1. Conference USA football is wide open
Marshall and North Texas were each picked to win their division by somewhat comfortable margins, but six of the conference’s 14 teams received at least one first-place vote. There are some favorites, sure, but the conference feels particularly wide on the cusp of the 2019 season.
Louisiana Tech head coach Skip Holtz summed it up with an interesting analogy. “This conference is a lot like Nascar,” he said, “Everybody has the same size engine it’s just who does the best job of driving it that week.”
More or less every coach followed in lockstep. Holtz added there were “no weeks off.” North Texas head man Seth Littrell echoed those sentiments. Despite being penciled in as the frontrunner, Littrell knows as well as anyone there are no sure things. “A lot of things can change from July to November,” he admitted, “There’s a lot of great coaches. A lot of great players. Any given week you better prepare the right way in order to have success… Then you gotta see what way does the ball bounce.”

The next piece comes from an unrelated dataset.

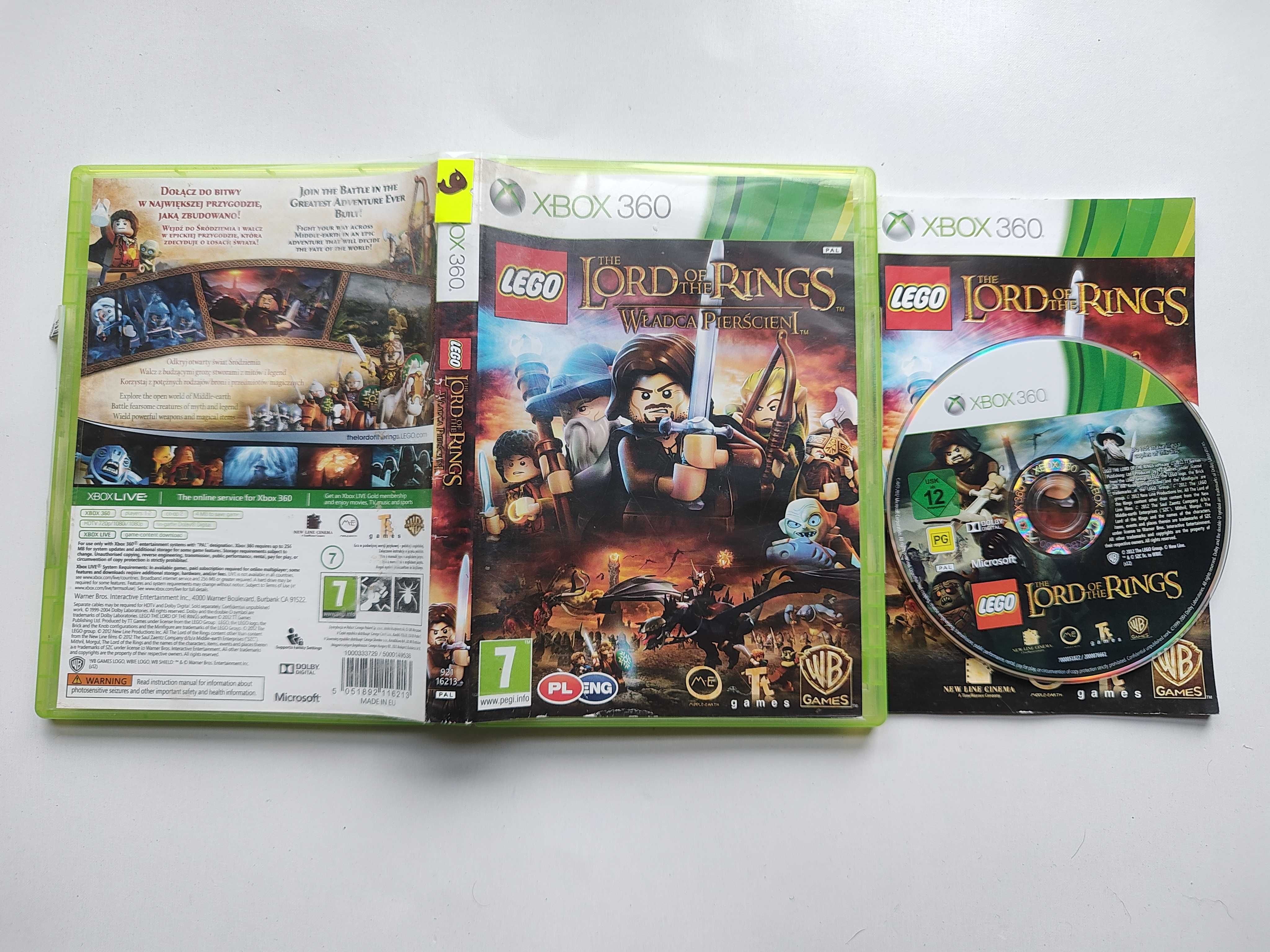Gra Xbox 360 LEGO The Lord of the Rings PL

2. The Transfer Portal is still taboo
Coaches across the conference sounded off on the introduction of the Transfer Portal. Perhaps unsurprisingly, none gave it a particularly positive endorsement. UTEP head coach Dana Dimel didn’t mince words. “It’s become too accessible,” he declared, “Once you’re worked your tail off to get a kid now he’s gotta take the ups and downs of what college careers are all about. You can’t just pull the ripcord.” Marshall’s Doc Holiday’s criticism was succinct: “I don’t like it.”

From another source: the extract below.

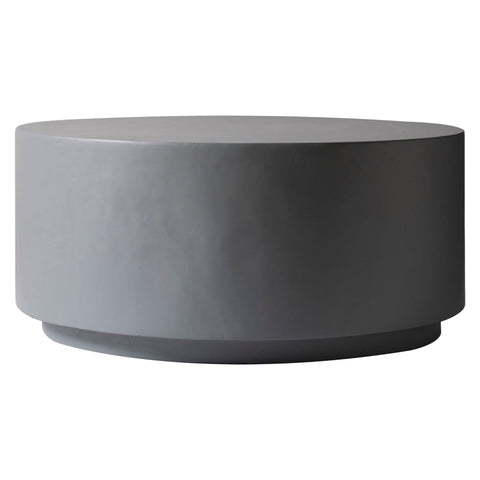 Terra 36" Round Coffee Table in Fiberstone for Indoor and Outdoor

The schools are clear victims of the players’ accessibility to the transfer market. It makes sense for coaches to want to do everything they can in their power to keep their players on campus, but there’s another angle to this coin.
Once a player puts his or her name into the Transfer Portal they waive the right to their current scholarship. If the player tests the waters and decides to return the university has no obligation to reserve a spot for them. That sticky middle ground has left many in a tough spot.
“I think the coaches as a whole weren’t in favor of it,” Southern Miss coach Jay Hopson said. “Just because most of us [coaches] are former student-athletes. What’s happened now is there are hundreds of kids who had a scholarship and now they don’t.”
There’s clearly some more work to be done to iron out the kinks of this process.
3. The coaching carousel never really stops
Stability on the coaching front is rare for any league and Conference USA is no exception. Western Kentucky (Tyson Helton) and Charlotte (Will Healy) are breaking in new coaches this season. On the other end of the spectrum, North Texas (Seth Littrell) and UAB (Bill Clark) are trying to hold on to theirs.
Littrell and Clark each had their names tied to prominent jobs in the offseason. They each stayed put, with Littrell inking a lucrative contract extension. 2020 might be a different story. Clark went as far as to address some of the rumors. “I have dreams and aspirations. I want to coach at the highest level. Those are things that I’ve worked for, but it’s still what about we do today.”
4. Nobody is sleeping on Rice
There was a fair amount of buzz about the Owls around the room in Frisco this week. It’s no secret Rice runs an unconventional offense compared to their conference foes. The complexity of the scheme was limited in year one, but should continue to progress into 2019. Opposing coaches are well aware of the challenge the Owls will pose when they get things up and running.
Seth Littrell praised the intricacies of the Owls attack, saying that Rice does “a lot of different things, not only just using a fullback, but their tight ends. Then you get to their shifts, trades and motions. You gotta be extremely disciplined on defense in order stop that system.” Frank Wilson called Rice a team that’s going to “punch you in the mouth.”
It’s clear Rice is gaining recognition amongst their peers. Next, they’ll need to put all the pieces together and prove it on the football field this fall.